According to Kalupahana, the concept of causality and causal efficacy where a cause "produces an effect because a property or svadha (energy) is inherent in something" along with alternative ideas of causality, appear extensively in the Vedic literature of the 2nd millennium BCE, such as the 10th mandala of the Rigveda and the Brahmanas layer of the Vedas. (Note: The pre-Buddhist Vedic era theories on causality mention four types of causality, all of which Buddhism rejected. The four Vedic era causality theories in vogue were:
- sayam katam (attakatam, self causation): this theory posits that there is no external agent (God) necessary for a phenomenon, there is svadha (inner energy) in nature or beings that lead to creative evolution, the cause and the effect are in the essence of the evolute and inseparable (found in the Vedic and particularly Upanishadic proto-Hindu schools);
- param katam (external causation): posits that something external (God, fate, past karma or purely natural determinism) causes effects (found in materialistic schools like Charvaka, as well as fate-driven schools such as Ajivika);
- sayam-param katam (internal and external causation): combination of the first two theories of causation (found in some Jainism, theistic proto-Hindu schools);
- asayam-aparam katam (neither internal nor external causation): this theory denies direct determinism (ahetu) and posits fortuitous origination, asserting everything is a manifestation of a combination of chance (found in some proto-Hindu [clarification needed] schools).)

Jurewicz
| Hymn of Creation, RigVeda X, 129 | Twelve Nidanas | Skandhas | Commentary |
| "...at first there was nothing, not even existence or nonexistence." | Avijja (ignorance) | - |  |
| "...a volitional impulse [kama, "desire"] initiates the process of creation or evolution." | Samkhara ("volitions") | Samkhara (4th skandha) | In Buddhism, "[d]esire, the process which keeps us in samsara, is one of the constituents of this skandha." |
| Kamma is the seed of consciousness. | Vijnana | Vijnana (5th skandha) | * In the Hymn of Creation, consciousness is a "singular consciousness", (Jurewicz) "non-dual consciousness", (Gombrich) "reflexive, cognizing itself". (Gombrich) * In Buddhism, Vijnana is "consciousness of", not consciousness itself. |
| Pure consciousness manifests itself in the created world, name-and-form, with which it mistakenly identifies, losing sight of its real identity. | Nama-Rupa, "name-and-form" | - | * According to Jurewicz, the Buddha may have picked at this point the term nama-rupa, because "the division of consciousness into name and form has only the negative value of an act which hinders cognition." The first four links, in this way, describe "a chain of events which drive a human being into deeper and deeper ignorance about himself." * According to Gombrich, the Buddhist tradition soon lost sight of this connection with the Vedic worldview, equating nama-rupa with the five skandhas, denying a self (atman) separate from these skandhas. |

A similar resemblance has been noted by Joanna Jurewicz, who argues that the first four nidanas resemble the Hymn of Creation (RigVeda X, 12) and other Vedic sources which describe the creation of the cosmos. Jurewicz argues that dependent origination is "a polemic" against the Vedic creation myth and that, paradoxically, "the Buddha extracted the essence of Vedic cosmogony and expressed in explicit language." Richard Gombrich agrees with this view, and argues that the first four elements of dependent origination are the Buddha's attempt to "ironize and criticize Vedic cosmogony." According to Gombrich, while in the Vedic creation theory "the universe is considered to be grounded on a primordial essence which is endowed with consciousness," the Buddha's theory avoids this essence (atman-Bahman).
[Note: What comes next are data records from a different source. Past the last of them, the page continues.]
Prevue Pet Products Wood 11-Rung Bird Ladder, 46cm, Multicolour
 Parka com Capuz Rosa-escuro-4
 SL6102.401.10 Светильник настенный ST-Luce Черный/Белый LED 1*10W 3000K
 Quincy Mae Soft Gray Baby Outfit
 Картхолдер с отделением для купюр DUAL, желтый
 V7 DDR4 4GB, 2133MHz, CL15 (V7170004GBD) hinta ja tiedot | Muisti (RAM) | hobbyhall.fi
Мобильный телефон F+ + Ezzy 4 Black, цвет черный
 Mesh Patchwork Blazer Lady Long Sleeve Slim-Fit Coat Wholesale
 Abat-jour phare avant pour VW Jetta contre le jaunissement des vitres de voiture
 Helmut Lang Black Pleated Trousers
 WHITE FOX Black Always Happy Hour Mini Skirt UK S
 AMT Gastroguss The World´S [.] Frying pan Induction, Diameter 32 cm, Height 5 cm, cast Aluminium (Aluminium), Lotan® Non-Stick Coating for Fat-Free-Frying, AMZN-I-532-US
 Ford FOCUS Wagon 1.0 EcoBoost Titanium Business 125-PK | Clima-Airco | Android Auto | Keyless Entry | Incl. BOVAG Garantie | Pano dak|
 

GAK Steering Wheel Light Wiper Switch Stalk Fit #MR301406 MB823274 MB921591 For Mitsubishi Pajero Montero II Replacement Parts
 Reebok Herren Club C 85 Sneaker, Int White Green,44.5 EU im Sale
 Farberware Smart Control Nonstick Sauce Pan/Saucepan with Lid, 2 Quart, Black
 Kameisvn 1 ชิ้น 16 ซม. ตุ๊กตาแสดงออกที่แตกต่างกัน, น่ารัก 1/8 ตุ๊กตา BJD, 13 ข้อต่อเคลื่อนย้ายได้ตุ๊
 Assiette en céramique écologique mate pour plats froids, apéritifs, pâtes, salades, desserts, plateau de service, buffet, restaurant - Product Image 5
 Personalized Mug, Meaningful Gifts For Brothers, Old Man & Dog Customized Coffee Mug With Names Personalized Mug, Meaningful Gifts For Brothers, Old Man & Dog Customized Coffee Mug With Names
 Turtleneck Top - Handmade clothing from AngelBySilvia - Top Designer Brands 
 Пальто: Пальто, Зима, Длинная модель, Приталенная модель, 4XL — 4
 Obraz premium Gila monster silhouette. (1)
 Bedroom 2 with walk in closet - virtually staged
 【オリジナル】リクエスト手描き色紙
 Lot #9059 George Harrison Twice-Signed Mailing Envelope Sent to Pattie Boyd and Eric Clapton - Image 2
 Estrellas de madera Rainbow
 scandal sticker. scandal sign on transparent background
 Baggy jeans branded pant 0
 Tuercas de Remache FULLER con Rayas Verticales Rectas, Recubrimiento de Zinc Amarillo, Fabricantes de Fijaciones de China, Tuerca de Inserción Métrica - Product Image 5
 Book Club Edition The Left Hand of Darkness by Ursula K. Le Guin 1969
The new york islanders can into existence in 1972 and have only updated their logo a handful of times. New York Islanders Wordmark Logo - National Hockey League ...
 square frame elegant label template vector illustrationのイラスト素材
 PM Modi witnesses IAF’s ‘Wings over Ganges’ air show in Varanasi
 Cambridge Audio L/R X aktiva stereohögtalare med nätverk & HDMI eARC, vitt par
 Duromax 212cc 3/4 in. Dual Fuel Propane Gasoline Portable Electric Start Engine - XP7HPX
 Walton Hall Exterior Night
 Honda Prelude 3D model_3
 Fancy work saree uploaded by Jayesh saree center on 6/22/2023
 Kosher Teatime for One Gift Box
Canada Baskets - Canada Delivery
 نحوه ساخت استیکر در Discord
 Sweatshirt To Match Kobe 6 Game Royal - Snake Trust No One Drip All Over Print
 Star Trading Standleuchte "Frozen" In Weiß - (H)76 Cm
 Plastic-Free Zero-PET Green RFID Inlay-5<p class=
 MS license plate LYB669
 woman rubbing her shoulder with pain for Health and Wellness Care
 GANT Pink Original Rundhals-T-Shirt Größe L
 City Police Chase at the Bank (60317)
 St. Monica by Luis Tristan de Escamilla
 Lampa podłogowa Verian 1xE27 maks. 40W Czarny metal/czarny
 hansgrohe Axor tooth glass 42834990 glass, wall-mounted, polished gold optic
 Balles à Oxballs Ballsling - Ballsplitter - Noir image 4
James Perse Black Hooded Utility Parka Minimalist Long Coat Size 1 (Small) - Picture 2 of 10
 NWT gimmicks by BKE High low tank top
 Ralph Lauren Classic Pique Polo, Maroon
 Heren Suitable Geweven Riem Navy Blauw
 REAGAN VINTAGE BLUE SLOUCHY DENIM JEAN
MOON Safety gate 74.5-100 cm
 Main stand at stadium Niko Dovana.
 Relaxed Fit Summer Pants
Jurewicz and Gombrich compare the first nidana, ignorance (avijja), with the stage before creation that is described in the Rigveda's Hymn of Creation. While the term avidya does not actually appear in this Hymn, the pre-creation stage is seen as unknowable and characterized by darkness. According to Gombrich, at this stage "consciousness is non-dual, which is to say that it is the ability to cognize but not yet consciousness of anything, for there is no split yet into subject and object." This is different from the Buddha's point of view, in which consciousness is always consciousness of something. Jurewicz then compares the Vedic creator's desire and hunger to create the atman (or "his second self") with volitional impulses (samskara). According to Jurewicz, the third nidana, vijñana, can be compared to the atman's vijñanamaya kosha in Vedic literature, which is the consciousness of the creator and his subjective manifestations.

According to Jurewicz, "in Vedic cosmogony, the act of giving a name and a form marks the final formation of the creator's atman." This may go back to the Vedic birth ceremony in which a father gives a name to his son. In Vedic creation pure consciousness creates the world as name and form (nama-rupa) and then enters it. However, in this process, consciousness also hides from itself, losing sight of its real identity. The Buddhist view of consciousness entering name and form depicts a similar chain of events leading to deeper ignorance and entanglement with the world.

Jurewizc further argues that the rest of the twelve nidanas show similarities with the terms and ideas found in Vedic cosmogeny, especially as it relates to the sacrificial fire (as a metaphor for desire and existence). These Vedic terms may have been adopted by the Buddha to communicate his message of not-self because his audience (often educated in Vedic thought) would understand their basic meaning. According to Jurewizc, dependent origination replicates the general Vedic creation model, but negates its metaphysics and its morals. Furthermore, Jurewizc argues that:This deprives the Vedic cosmogony of its positive meaning as the successful activity of the Absolute and presents it as a chain of absurd, meaningless changes which could only result in the repeated death of anyone who would reproduce this cosmogonic process in ritual activity and everyday life.According to Gombrich, the Buddhist tradition soon lost sight of their connection with the Vedic worldview that the Buddha was critiquing in the first four links of dependent origination. Though it was aware that at the fourth link there should be an appearance of an individual person, the Buddhist tradition equated rupa with the first skandha, and nama with the other four skandhas. Yet, as Gombrich notes, samkhara, vijnana, and vedana also appear as separate links in the twelvefold list, so this equation can't be correct for this nidana.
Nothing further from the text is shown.